[[ The data open ]]

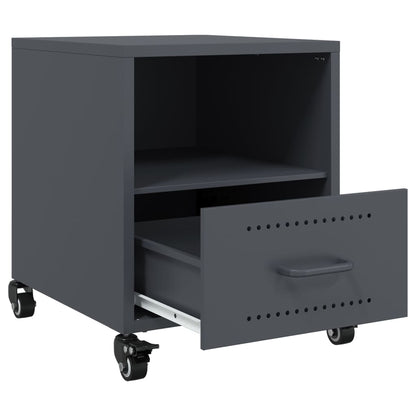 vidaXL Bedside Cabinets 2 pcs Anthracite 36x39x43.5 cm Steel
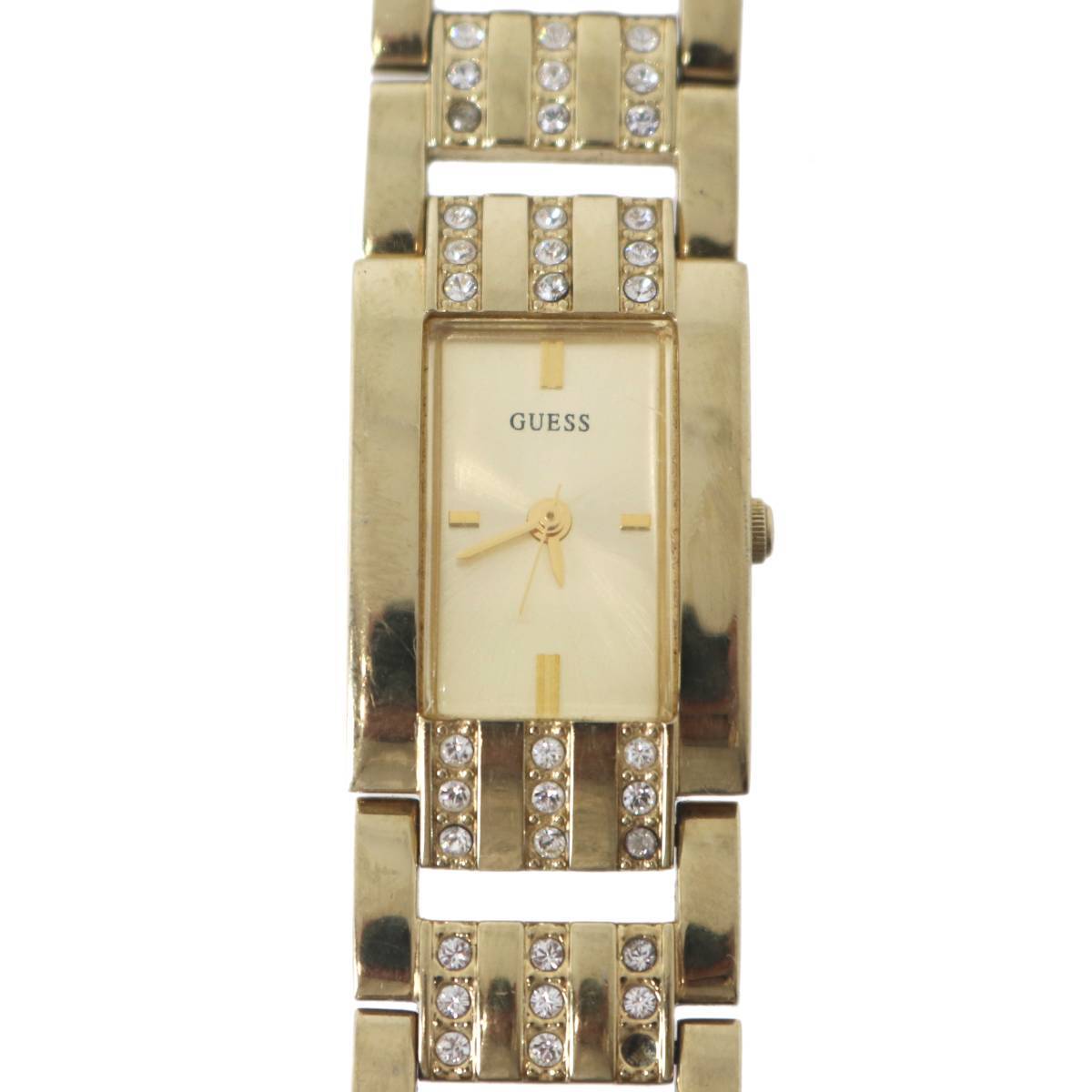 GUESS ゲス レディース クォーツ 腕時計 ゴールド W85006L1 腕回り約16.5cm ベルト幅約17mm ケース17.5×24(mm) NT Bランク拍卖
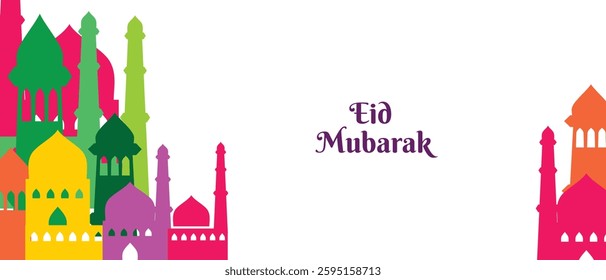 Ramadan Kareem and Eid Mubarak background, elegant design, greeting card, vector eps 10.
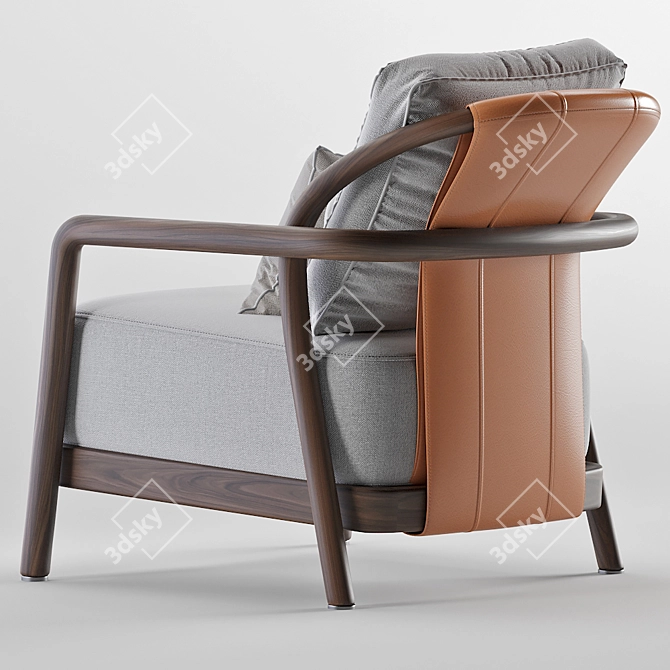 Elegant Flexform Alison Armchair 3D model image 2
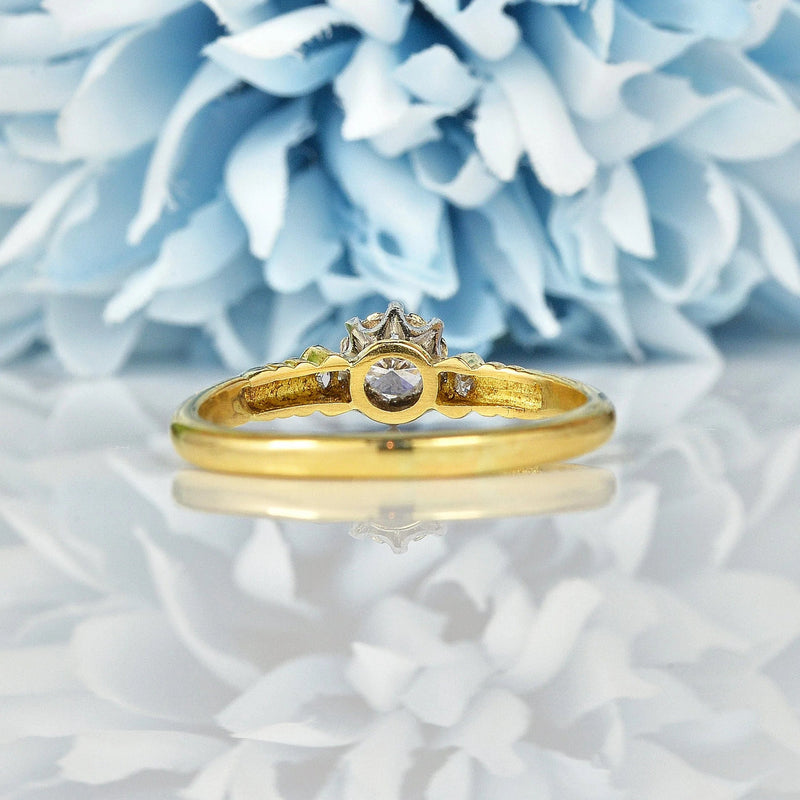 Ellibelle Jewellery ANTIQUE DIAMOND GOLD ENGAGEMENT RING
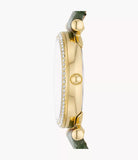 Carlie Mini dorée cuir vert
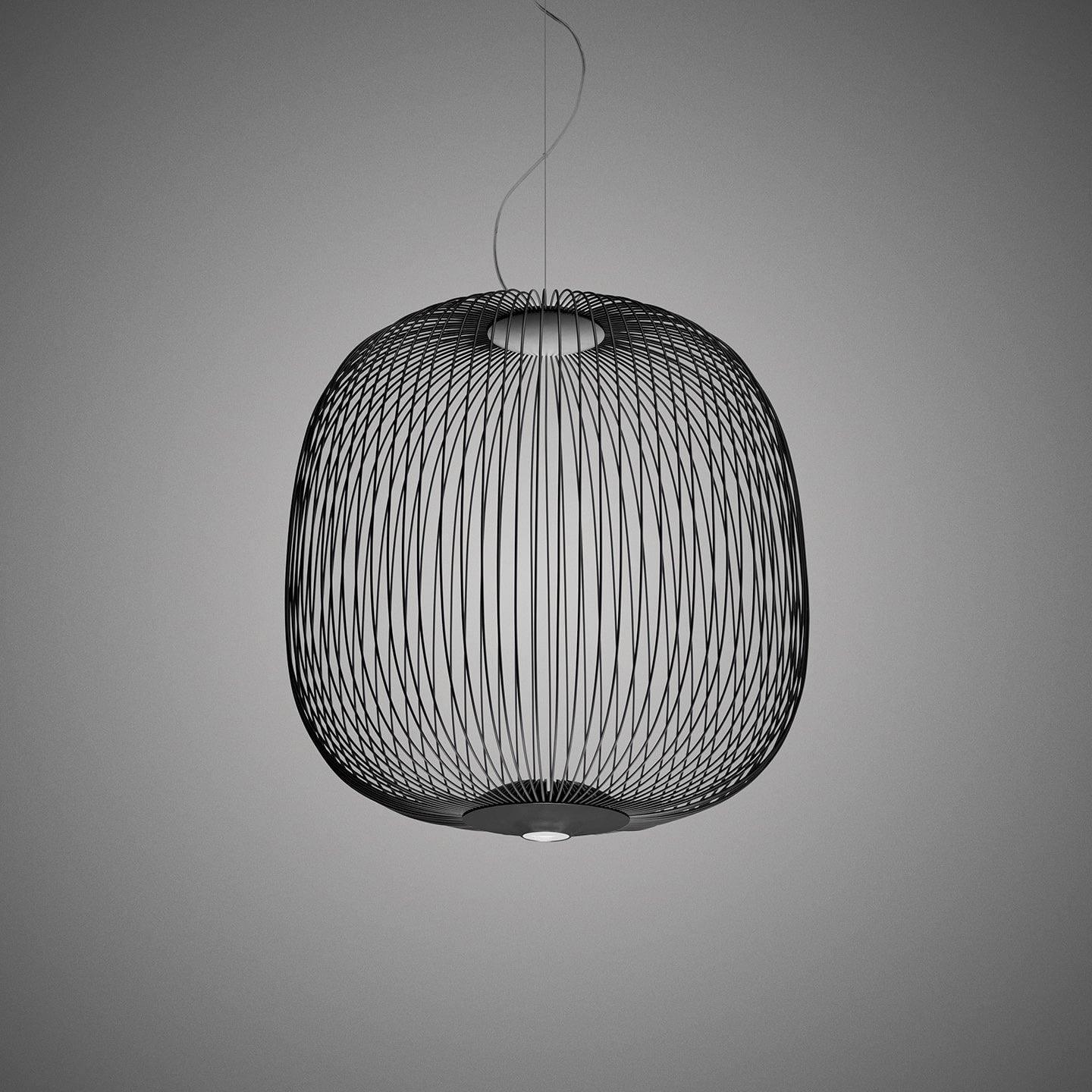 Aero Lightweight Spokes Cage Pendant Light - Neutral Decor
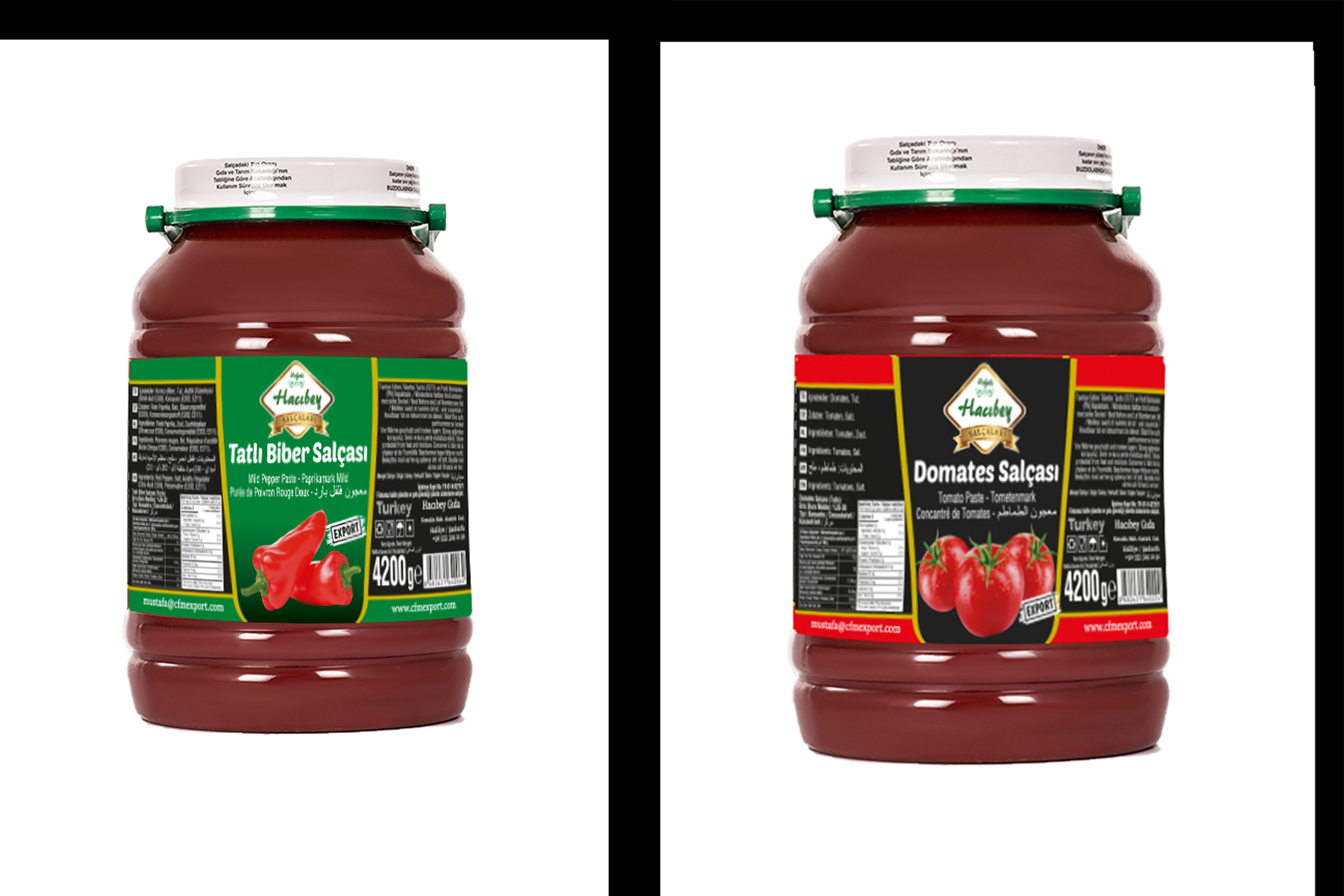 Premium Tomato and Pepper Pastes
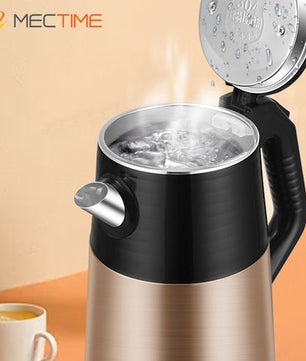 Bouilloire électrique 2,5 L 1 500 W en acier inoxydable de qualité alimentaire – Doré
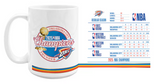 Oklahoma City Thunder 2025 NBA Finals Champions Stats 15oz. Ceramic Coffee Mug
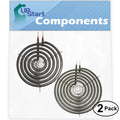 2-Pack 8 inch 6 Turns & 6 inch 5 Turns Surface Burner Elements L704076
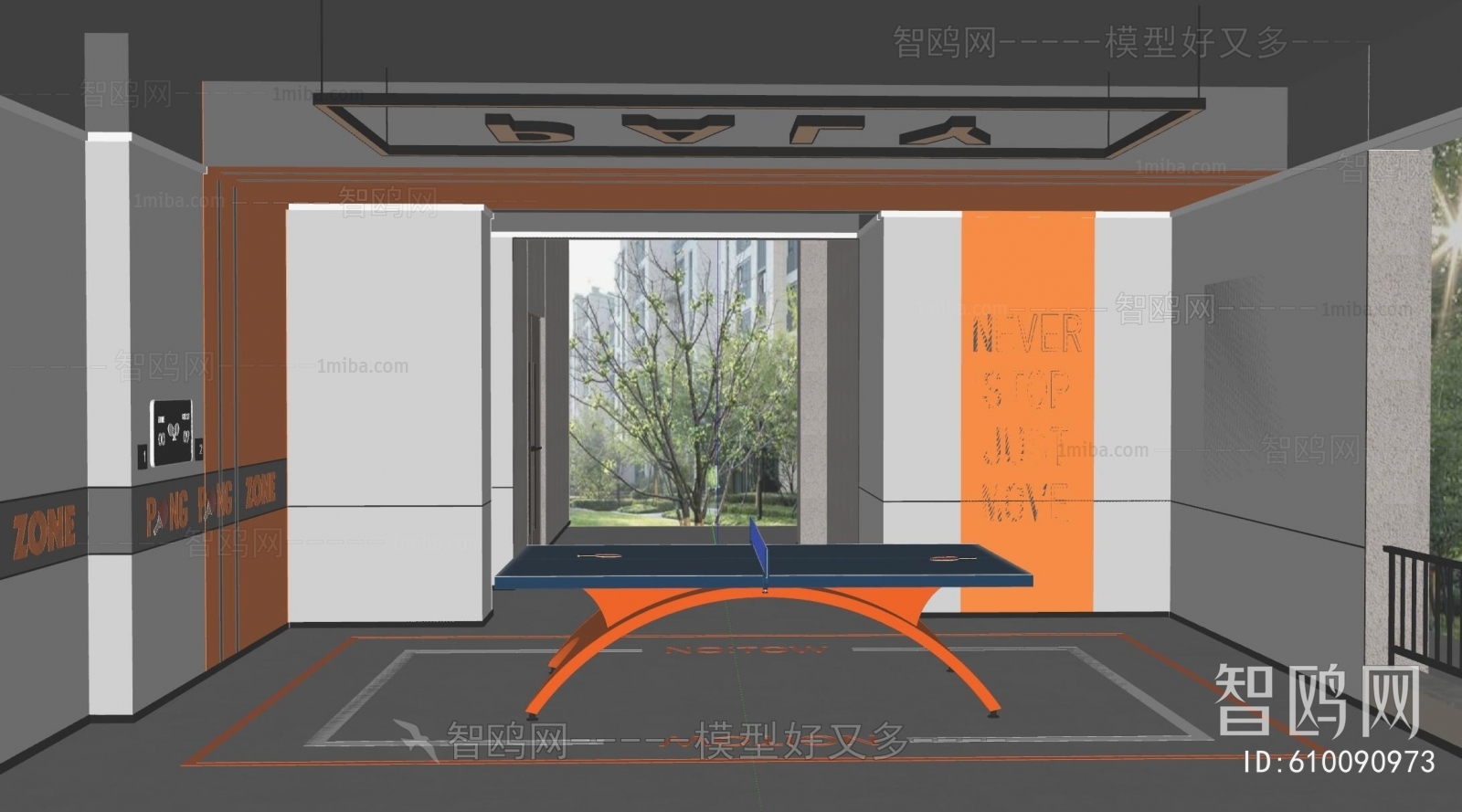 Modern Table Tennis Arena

[[ The data closed ]]

The answer is every line of the data, exactly as written, with the pictures dropped.

 vidaXL Bedside Cabinets 2 pcs Anthracite 36x39x43.5 cm Steel
 GUESS ゲス レディース クォーツ 腕時計 ゴールド W85006L1 腕回り約16.5cm ベルト幅約17mm ケース17.5×24(mm) NT Bランク拍卖
 Ramadan Kareem and Eid Mubarak background, elegant design, greeting card, vector eps 10.
 Elegant Flexform Alison Armchair 3D model image 2
 Ellibelle Jewellery ANTIQUE DIAMOND GOLD ENGAGEMENT RING
 Carlie Mini dorée cuir vert
 Aero Lightweight Spokes Cage Pendant Light - Neutral Decor
 Premium Tomato and Pepper Pastes
 Bouilloire électrique 2,5 L 1 500 W en acier inoxydable de qualité alimentaire – Doré
 Oklahoma City Thunder 2025 NBA Finals Champions Stats 15oz. Ceramic Coffee Mug
 2-Pack 8 inch 6 Turns & 6 inch 5 Turns Surface Burner Elements L704076
 Modern Table Tennis Arena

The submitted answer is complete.